About this exercise: Every record below must be copied exactly, with images dropped.

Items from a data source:

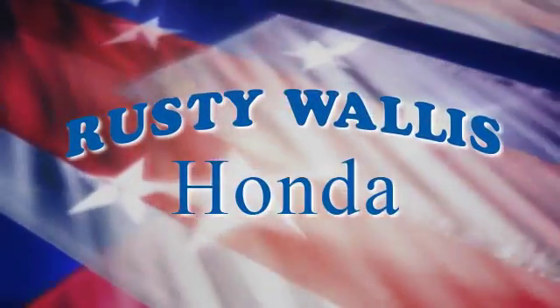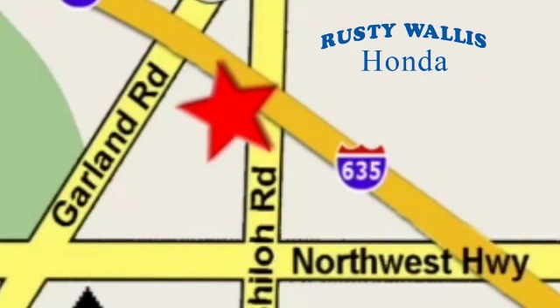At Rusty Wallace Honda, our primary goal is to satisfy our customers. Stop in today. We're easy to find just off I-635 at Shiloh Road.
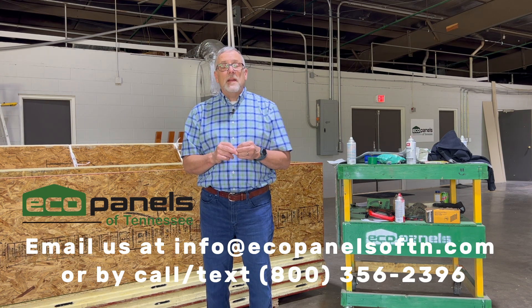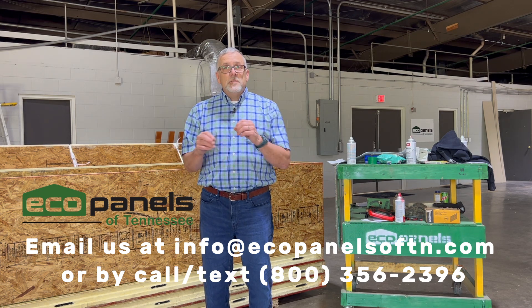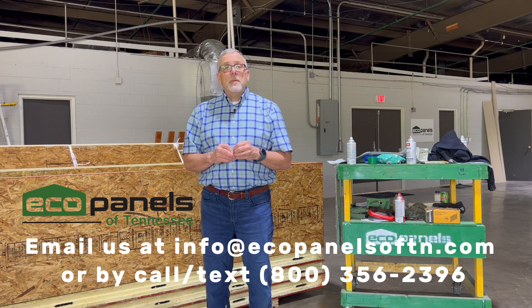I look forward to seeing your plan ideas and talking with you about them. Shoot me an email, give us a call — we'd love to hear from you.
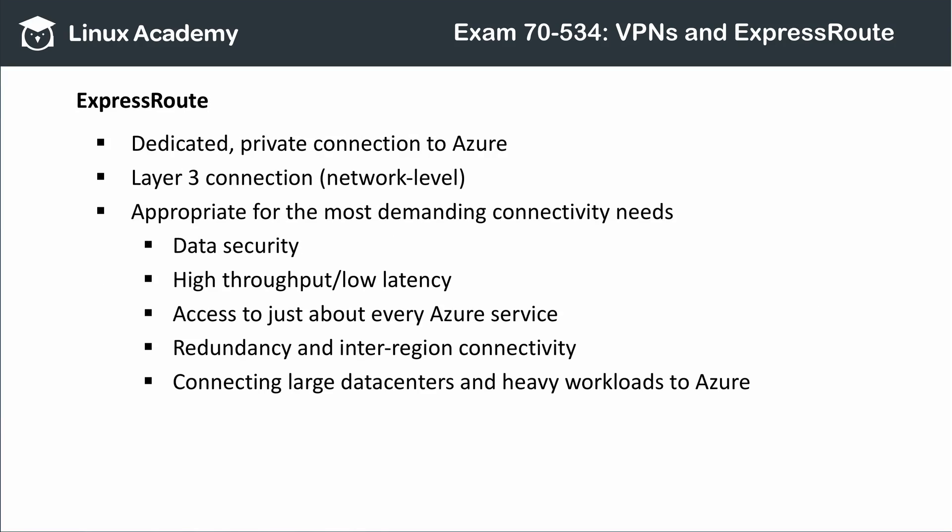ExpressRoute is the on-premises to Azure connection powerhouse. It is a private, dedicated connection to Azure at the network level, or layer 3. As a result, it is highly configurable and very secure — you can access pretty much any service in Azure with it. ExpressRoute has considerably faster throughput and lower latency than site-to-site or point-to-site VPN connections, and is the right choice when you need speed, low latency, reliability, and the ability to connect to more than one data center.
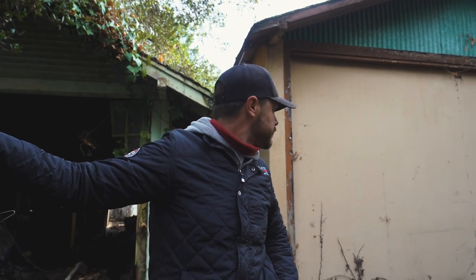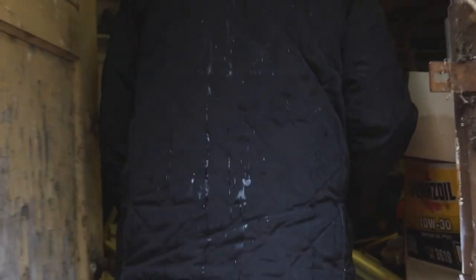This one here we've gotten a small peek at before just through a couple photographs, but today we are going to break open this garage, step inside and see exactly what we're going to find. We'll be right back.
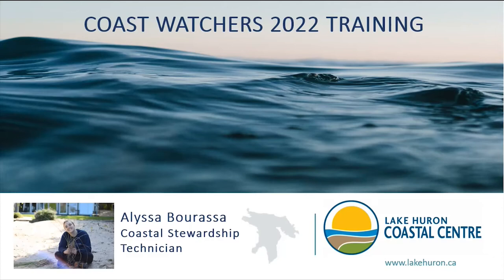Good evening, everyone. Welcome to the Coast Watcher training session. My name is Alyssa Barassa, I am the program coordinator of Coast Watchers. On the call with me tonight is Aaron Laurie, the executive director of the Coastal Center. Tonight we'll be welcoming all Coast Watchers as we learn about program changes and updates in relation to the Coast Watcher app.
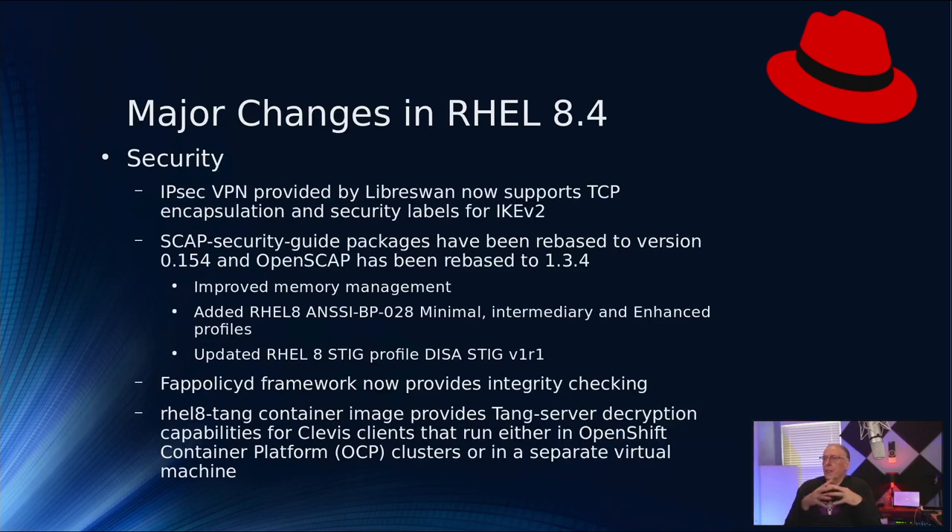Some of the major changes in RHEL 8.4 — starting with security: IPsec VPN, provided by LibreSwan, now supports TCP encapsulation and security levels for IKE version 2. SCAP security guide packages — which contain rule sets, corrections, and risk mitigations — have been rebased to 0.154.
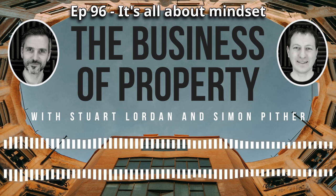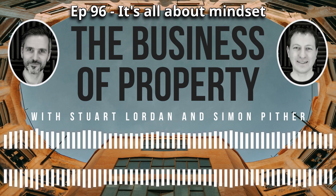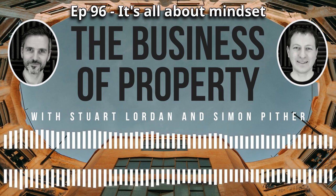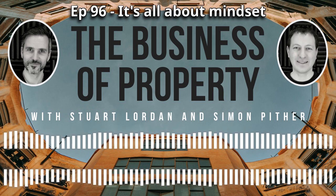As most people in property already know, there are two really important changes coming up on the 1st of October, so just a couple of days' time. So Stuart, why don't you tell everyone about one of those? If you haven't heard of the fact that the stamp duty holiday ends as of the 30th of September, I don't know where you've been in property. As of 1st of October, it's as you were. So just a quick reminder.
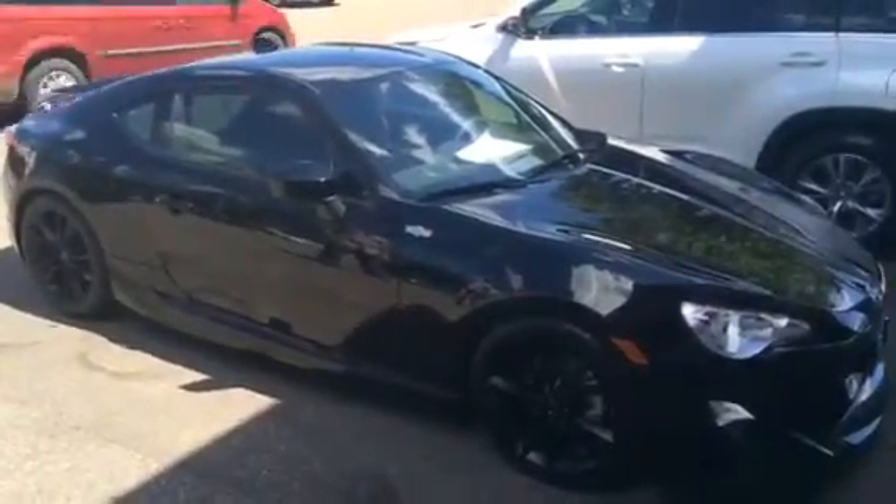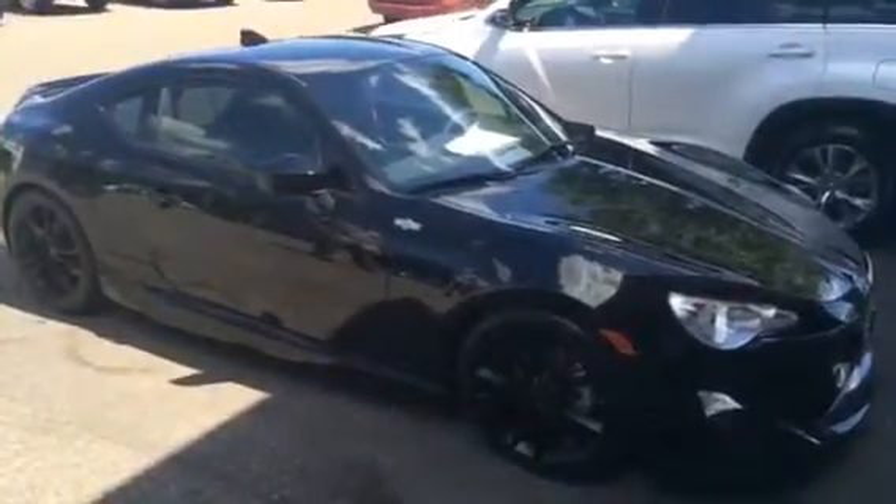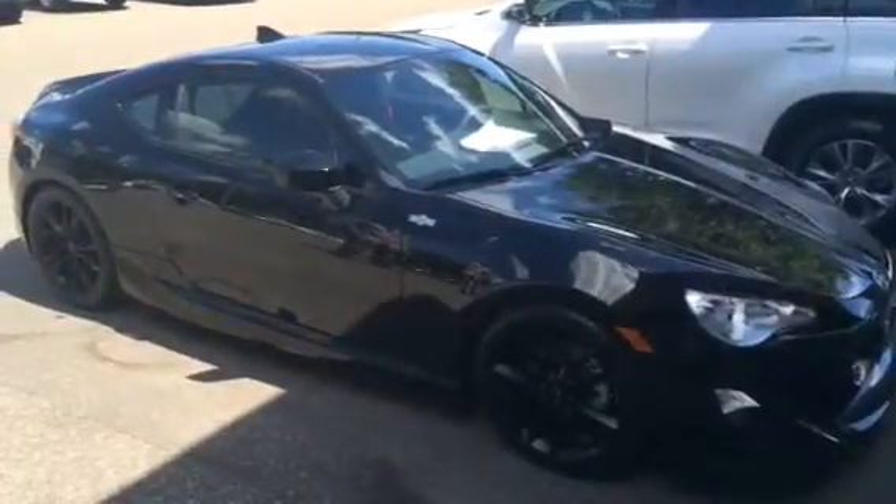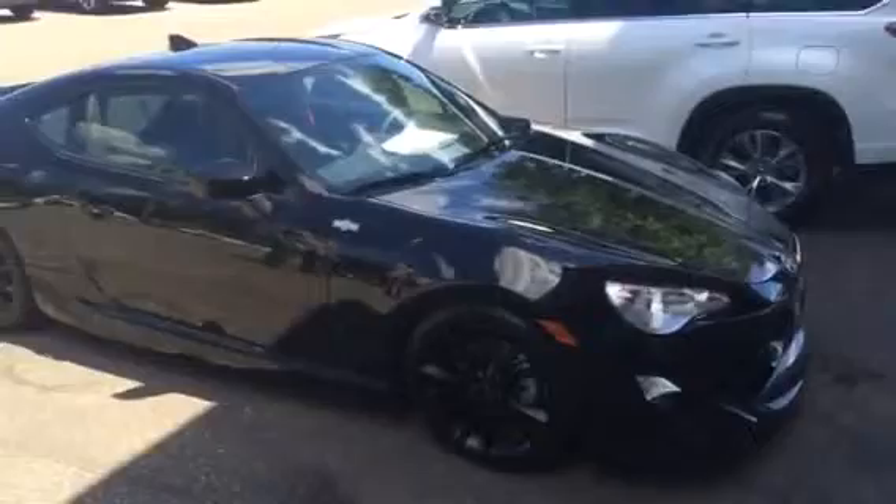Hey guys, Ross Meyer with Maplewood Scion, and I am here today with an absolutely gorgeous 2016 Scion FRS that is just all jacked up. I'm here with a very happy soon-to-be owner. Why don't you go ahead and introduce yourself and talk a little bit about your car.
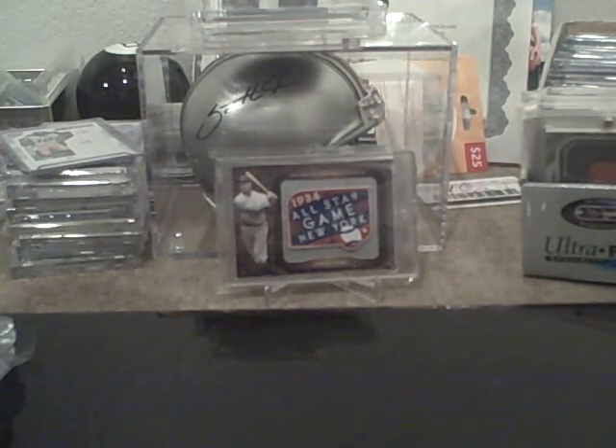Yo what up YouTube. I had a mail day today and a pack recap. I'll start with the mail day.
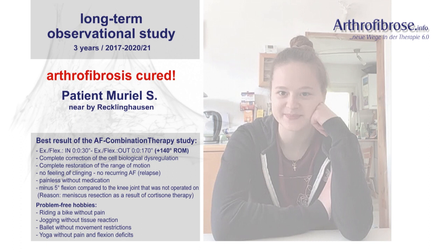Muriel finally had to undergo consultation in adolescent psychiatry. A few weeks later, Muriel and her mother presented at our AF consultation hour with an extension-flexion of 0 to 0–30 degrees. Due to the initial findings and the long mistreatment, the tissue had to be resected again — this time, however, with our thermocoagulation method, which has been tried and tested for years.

Response for this exercise:
At Rusty Wallace Honda, our primary goal is to satisfy our customers. Stop in today. We're easy to find just off I-635 at Shiloh Road.
I look forward to seeing your plan ideas and talking with you about them. Shoot me an email, give us a call — we'd love to hear from you.
ExpressRoute is the on-premises to Azure connection powerhouse. It is a private, dedicated connection to Azure at the network level, or layer 3. As a result, it is highly configurable and very secure — you can access pretty much any service in Azure with it. ExpressRoute has considerably faster throughput and lower latency than site-to-site or point-to-site VPN connections, and is the right choice when you need speed, low latency, reliability, and the ability to connect to more than one data center.
This one here we've gotten a small peek at before just through a couple photographs, but today we are going to break open this garage, step inside and see exactly what we're going to find. We'll be right back.
Good evening, everyone. Welcome to the Coast Watcher training session. My name is Alyssa Barassa, I am the program coordinator of Coast Watchers. On the call with me tonight is Aaron Laurie, the executive director of the Coastal Center. Tonight we'll be welcoming all Coast Watchers as we learn about program changes and updates in relation to the Coast Watcher app.
Some of the major changes in RHEL 8.4 — starting with security: IPsec VPN, provided by LibreSwan, now supports TCP encapsulation and security levels for IKE version 2. SCAP security guide packages — which contain rule sets, corrections, and risk mitigations — have been rebased to 0.154.
As most people in property already know, there are two really important changes coming up on the 1st of October, so just a couple of days' time. So Stuart, why don't you tell everyone about one of those? If you haven't heard of the fact that the stamp duty holiday ends as of the 30th of September, I don't know where you've been in property. As of 1st of October, it's as you were. So just a quick reminder.
Hey guys, Ross Meyer with Maplewood Scion, and I am here today with an absolutely gorgeous 2016 Scion FRS that is just all jacked up. I'm here with a very happy soon-to-be owner. Why don't you go ahead and introduce yourself and talk a little bit about your car.
Yo what up YouTube. I had a mail day today and a pack recap. I'll start with the mail day.
Muriel finally had to undergo consultation in adolescent psychiatry. A few weeks later, Muriel and her mother presented at our AF consultation hour with an extension-flexion of 0 to 0–30 degrees. Due to the initial findings and the long mistreatment, the tissue had to be resected again — this time, however, with our thermocoagulation method, which has been tried and tested for years.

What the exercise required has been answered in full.